*** Dataset content Section Begins ***

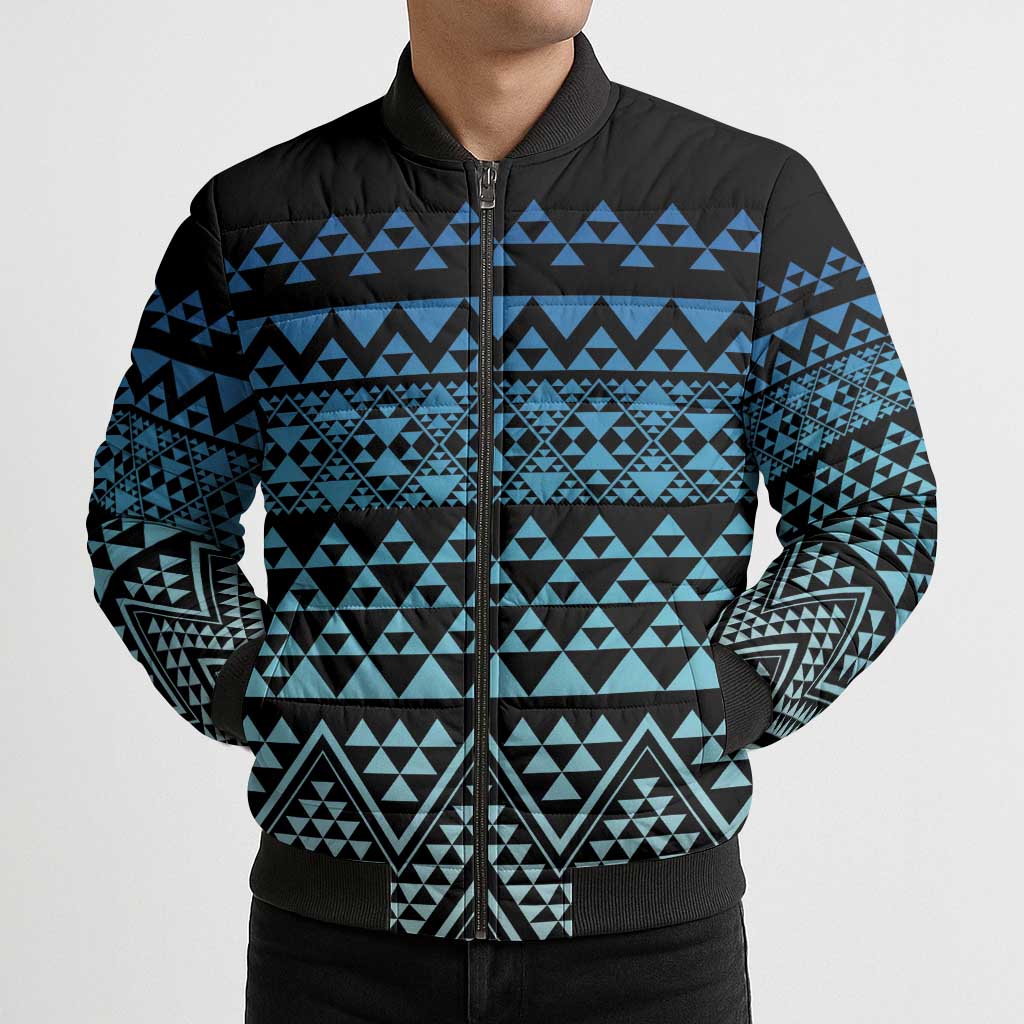 Maori Niho Taniwha Te Wheiao Bomber Puffer Jacket Moana Blue - Polynesian Pride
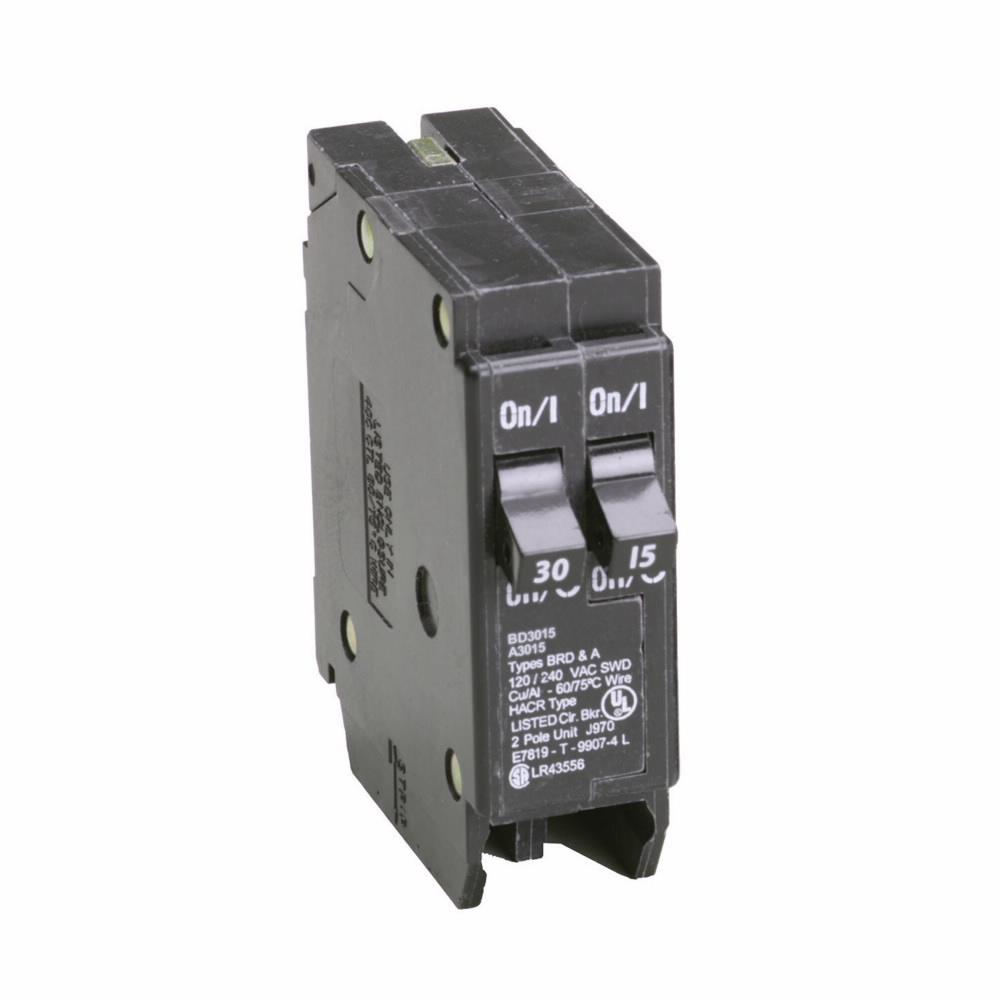 Cutler Hammer BD3015 Molded Case Circuit Breaker | 120V 15A 2P 10kA@120V Feed-Thru BD Series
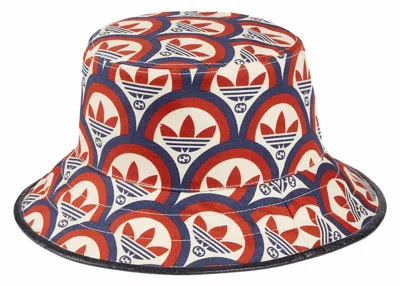 Pre-owned Gucci X Adidas Bucket Hat In Red/blue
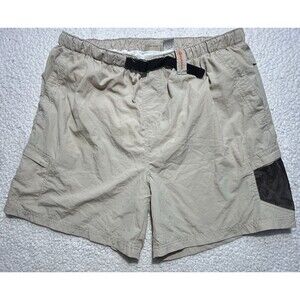RuffHewn Mens XL Swim Trunks Khaki Tan Nylon Mesh Lining Elastic Waist Shorts XL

*** Dataset content Section Ends ***

What you have to do:
Pictures excluded, quote all the data above exactly.

Exercise answer:
 Maori Niho Taniwha Te Wheiao Bomber Puffer Jacket Moana Blue - Polynesian Pride
 Cutler Hammer BD3015 Molded Case Circuit Breaker | 120V 15A 2P 10kA@120V Feed-Thru BD Series
 Pre-owned Gucci X Adidas Bucket Hat In Red/blue
RuffHewn Mens XL Swim Trunks Khaki Tan Nylon Mesh Lining Elastic Waist Shorts XL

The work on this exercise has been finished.